For the records that follow, restate each one word for word and leave the images behind.

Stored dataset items
Start of Block
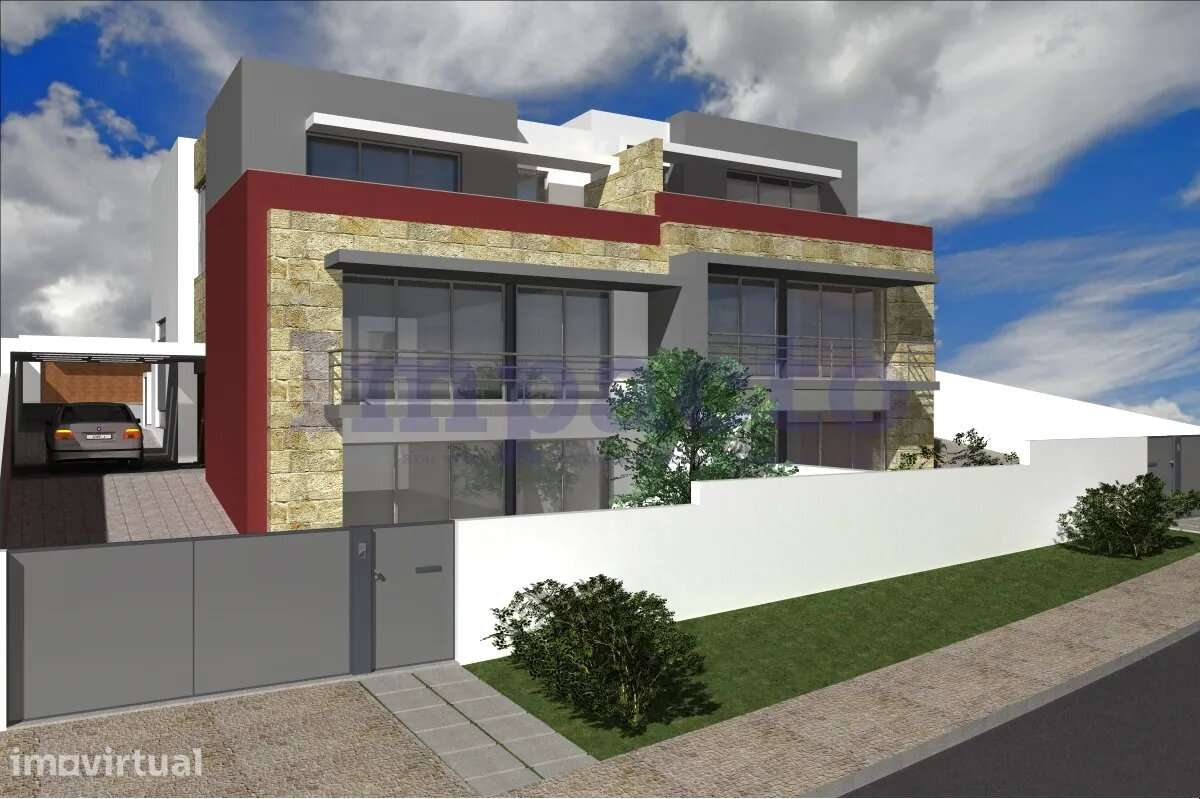 Lote de Terreno na Azenha em Arrifana, Santa Maria da Feira - Grande imagem: 2/12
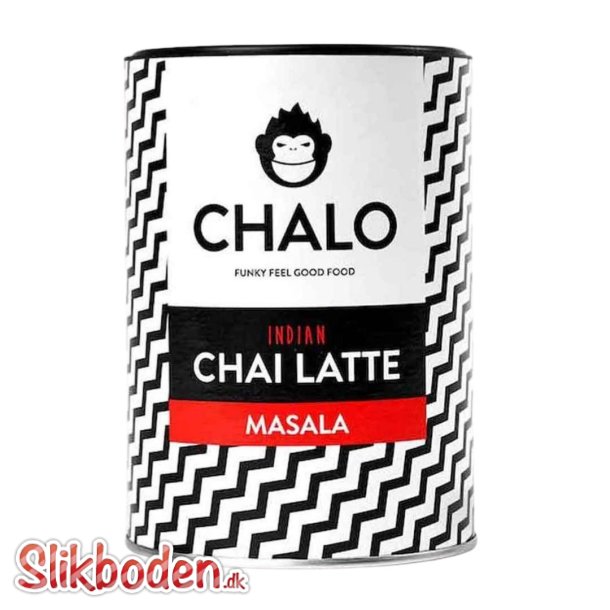Chalo Masala Chai Latte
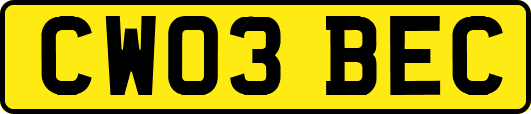 CW03BEC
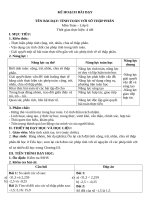 TÍNH TOÁN VỚI SỐ THẬP PHÂN-kết nối tri thức với cuộc sống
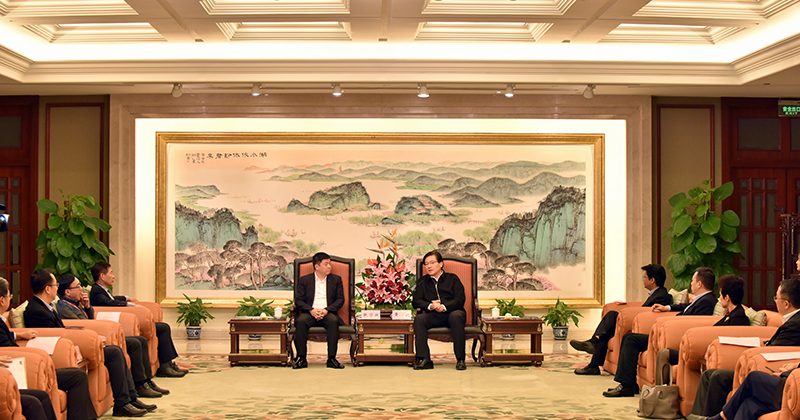 闻泰科技5G智能终端及半导体研发和制造项目落户无锡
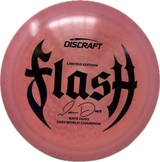 Flash-Discraft-Foundation Disc Golf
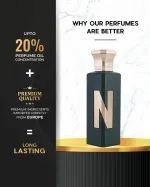 Lost In The Woods aqua parfum pre mužov 75 ml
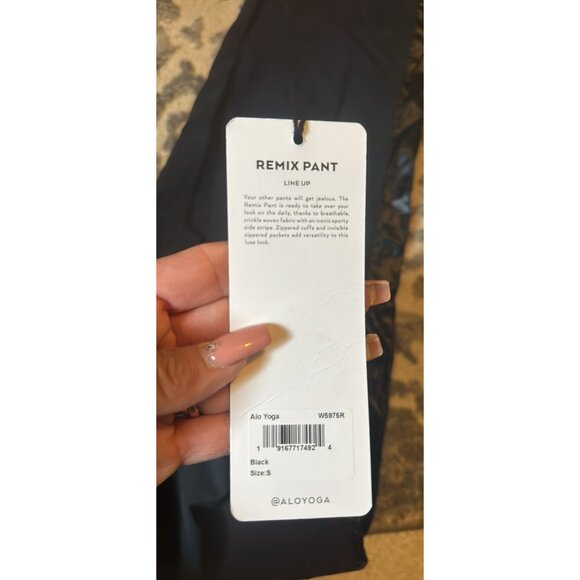 New Alo Yoga remix pant line up size small - Picture 5 of 5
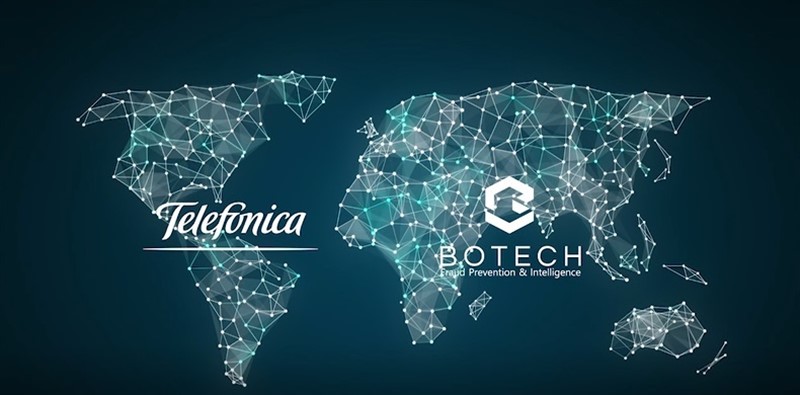 Economía.- Telefónica firma un acuerdo en ciberseguridad con Botech FPI para combatir el fraude en el sector bancario | TELEFÓNICA - Archivo ep economia- telefonica firmaacuerdociberseguridadbotech fpicombatirfraudesector bancario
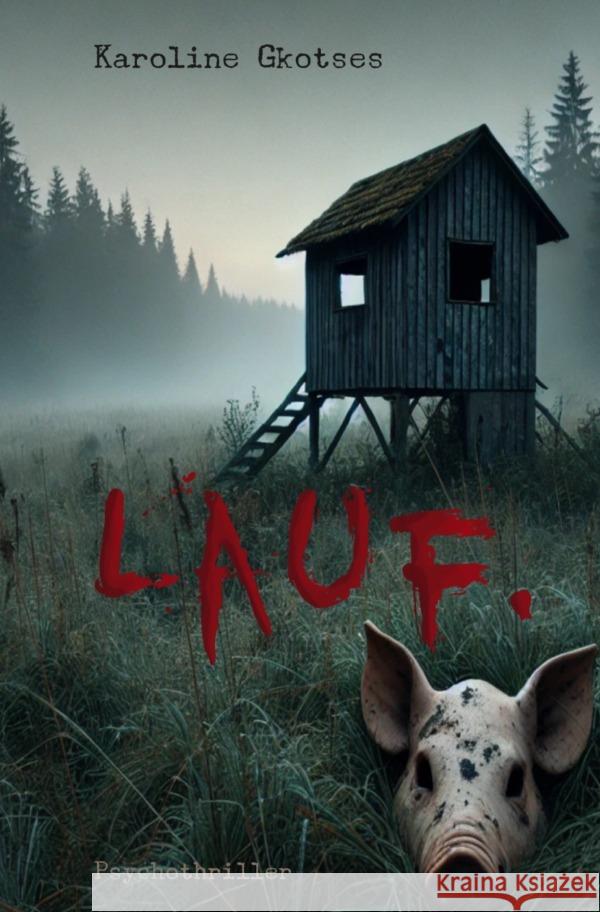 Lauf. Gkotses, Karoline 9783819039850 epubli - książka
End of Block
## RESULT
 Lote de Terreno na Azenha em Arrifana, Santa Maria da Feira - Grande imagem: 2/12
Chalo Masala Chai Latte
 CW03BEC
 TÍNH TOÁN VỚI SỐ THẬP PHÂN-kết nối tri thức với cuộc sống
 闻泰科技5G智能终端及半导体研发和制造项目落户无锡
 Flash-Discraft-Foundation Disc Golf
 Lost In The Woods aqua parfum pre mužov 75 ml
 New Alo Yoga remix pant line up size small - Picture 5 of 5
 Economía.- Telefónica firma un acuerdo en ciberseguridad con Botech FPI para combatir el fraude en el sector bancario | TELEFÓNICA - Archivo ep economia- telefonica firmaacuerdociberseguridadbotech fpicombatirfraudesector bancario
 Lauf. Gkotses, Karoline 9783819039850 epubli - książka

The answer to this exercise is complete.